Court of Appeals of Mississippi
Sep 19, 2023
376 So. 3d 1225 (Miss. Ct. App. 2023)

Opinion

NO. 2022-CA-00128-COA

09-19-2023

In the Matter of the ESTATE OF Joan B. ROOSA, Deceased: Rosemary Roosa, Appellant v. Christopher ROOSA, Executor, Stuart Allen Roosa, Jr., and John D. Roosa, Appellees

ATTORNEY FOR APPELLANT: PAUL M. NEWTON JR. ATTORNEYS FOR APPELLEES: JOHN G. McDONNELL, COURTNEY McDONNELL SNODGRASS, Biloxi


HARRISON COUNTY CHANCERY COURT, FIRST JUDICIAL DISTRICT, HON. CARTER O. BISE, JUDGE

ATTORNEY FOR APPELLANT: PAUL M. NEWTON JR.

ATTORNEYS FOR APPELLEES: JOHN G. McDONNELL, COURTNEY McDONNELL SNODGRASS, Biloxi

BEFORE BARNES, C.J., GREENLEE AND WESTBROOKS, JJ.

WESTBROOKS, J., FOR THE COURT:

¶1. This has been a most contentious probate litigation, spanning fifteen years, between sibling beneficiaries Rosemary Roosa and Christopher Roosa, who were the children of deceased parents Joan B. Roosa and astronaut Colonel Stuart Roosa. This appeal centers around the distribution of Joan B. Roosa’s will.

¶2. Joan died on October 20, 2007, and had named Christopher the executor of her will. Joan’s estate included space artifacts that Colonel Roosa, the astronaut who flew "the command module Kitty Hawk to the moon on the Apollo 14 mission," bequeathed to her when he passed away. Est. of Roosa v. Roosa, 328 So. 3d 117, 119 (¶2) (Miss. Ct. App. 2019). Article IV of Joan’s will states:

I give and bequeath unto my Executor all of the certain artifacts of my late husband, STUART A. ROOSA, relating to the Apollo 14 moon launch, which I have not otherwise disposed of in my latest dated and signed separate outside listing. As to all such artifacts bequeathed to my Executor, the Executor shall have the authority to donate any such artifacts, as my Executor shall choose, to the Stuart Roosa Foundation, and any such artifacts not donated to the Stuart Roosa Foundation shall be divided equally among my children, as my children shall decide.

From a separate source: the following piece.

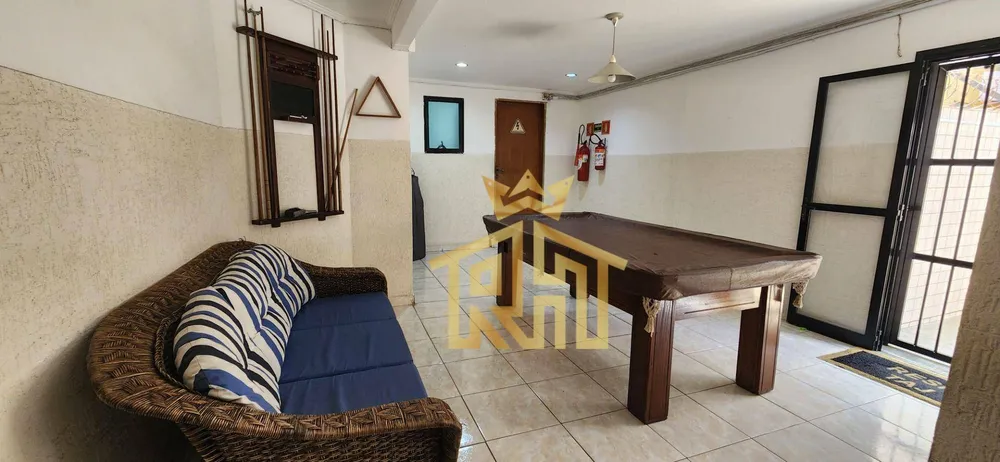 Apartamento, 2 quartos, 107 m² - Foto 16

¶3. There are two separate locations containing items related to the Apollo 14 moon launch. One location is the storage facility "Ace," which houses some of the space artifacts. The second location is the closet of Joan’s home (also known as the "Safe Room"), which contains the rest of the space artifacts. ¶4. In 2007, Rosemary conducted her own handwritten inventory of the Safe Room artifacts. On February 6, 2012, Peachstate Historical Consulting Inc. completed a separate inventory of the Safe Room. On June 28, 2012, the chancellor ordered an inventory and appraisal of Joan’s assets. However, on August 6, 2012, the chancellor sealed the inventory, stating that the "Executor has been informed that NASA may have a claim to certain space memorabilia items for the inventory."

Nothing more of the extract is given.